PDF Accessibility — Tagged PDFs, Screen Readers, and Making Output Inclusive
A PDF that looks fine sighted can be a brick wall for someone using a screen reader. The page renders perfectly but the underlying structure says nothing about headings, reading order, lists, or images. Accessibility is the dimension of PDF quality that most authors and tooling pipelines overlook — and converting PDFs to Markdown or HTML is a chance to fix it.
This guide walks through how PDFs encode accessibility, what tagged PDFs do differently, and how to produce output that works for screen-reader users, search engines, and downstream automation.

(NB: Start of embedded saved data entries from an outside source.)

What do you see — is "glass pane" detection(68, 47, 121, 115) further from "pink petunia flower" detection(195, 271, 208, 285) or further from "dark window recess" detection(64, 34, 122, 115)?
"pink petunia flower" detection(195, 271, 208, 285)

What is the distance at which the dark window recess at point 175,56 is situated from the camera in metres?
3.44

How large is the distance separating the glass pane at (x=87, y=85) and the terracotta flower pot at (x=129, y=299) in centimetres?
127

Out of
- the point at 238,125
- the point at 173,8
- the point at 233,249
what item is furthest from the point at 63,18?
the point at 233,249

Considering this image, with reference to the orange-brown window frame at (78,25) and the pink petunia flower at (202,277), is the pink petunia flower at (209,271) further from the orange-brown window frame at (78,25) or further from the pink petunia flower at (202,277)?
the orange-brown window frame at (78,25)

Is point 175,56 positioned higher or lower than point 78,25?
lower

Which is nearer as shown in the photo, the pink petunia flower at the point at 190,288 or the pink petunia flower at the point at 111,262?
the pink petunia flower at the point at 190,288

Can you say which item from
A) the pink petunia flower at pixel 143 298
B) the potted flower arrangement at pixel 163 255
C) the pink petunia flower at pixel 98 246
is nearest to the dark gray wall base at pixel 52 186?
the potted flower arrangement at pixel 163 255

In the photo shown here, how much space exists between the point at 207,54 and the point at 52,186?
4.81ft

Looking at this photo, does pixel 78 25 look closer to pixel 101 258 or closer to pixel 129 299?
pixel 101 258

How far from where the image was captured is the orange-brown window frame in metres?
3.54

How screen readers read PDFs
A screen reader announces text and structure: "Heading level 2: Methodology. List of three items. First item: ..." For that to work, the document has to declare its structure — there has to be machine-readable tagging that says "this paragraph is a heading, this image is a figure, this group of paragraphs is a list."

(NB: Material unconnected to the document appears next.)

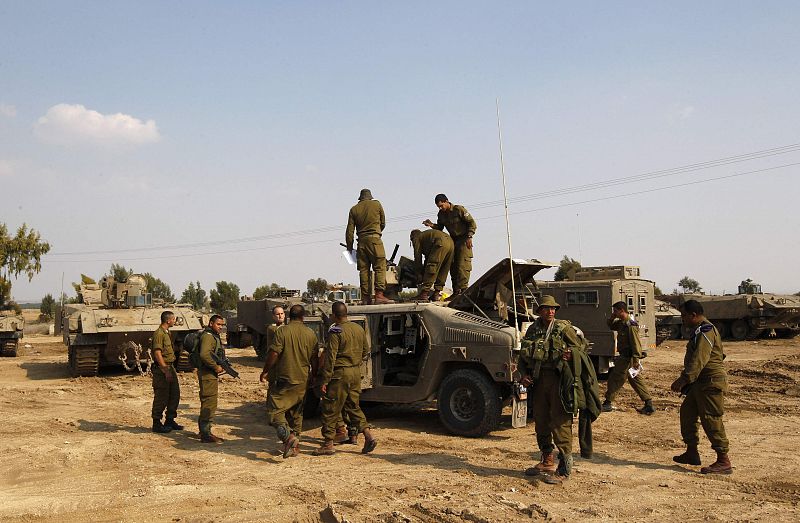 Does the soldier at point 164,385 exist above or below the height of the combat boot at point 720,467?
above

PDFs without that structure are flat to a screen reader. The reader can announce the text in approximate reading order, but it can't say "heading" or "list" because the document doesn't claim those things exist. Users have to navigate paragraph by paragraph with no way to skim or jump to sections.
Three categories of PDF, by accessibility:
- Tagged PDFs. The PDF includes a structure tree of semantic tags: H1, H2, P, L (list), LI (list item), Figure, Table, etc. Screen readers walk the tree and announce structure properly. This is the goal state.
- Untagged but text-extractable PDFs. Text is present and ordered, but there are no semantic tags. Screen readers can read the text but can't announce structure. Most PDFs from older Office exports fall here.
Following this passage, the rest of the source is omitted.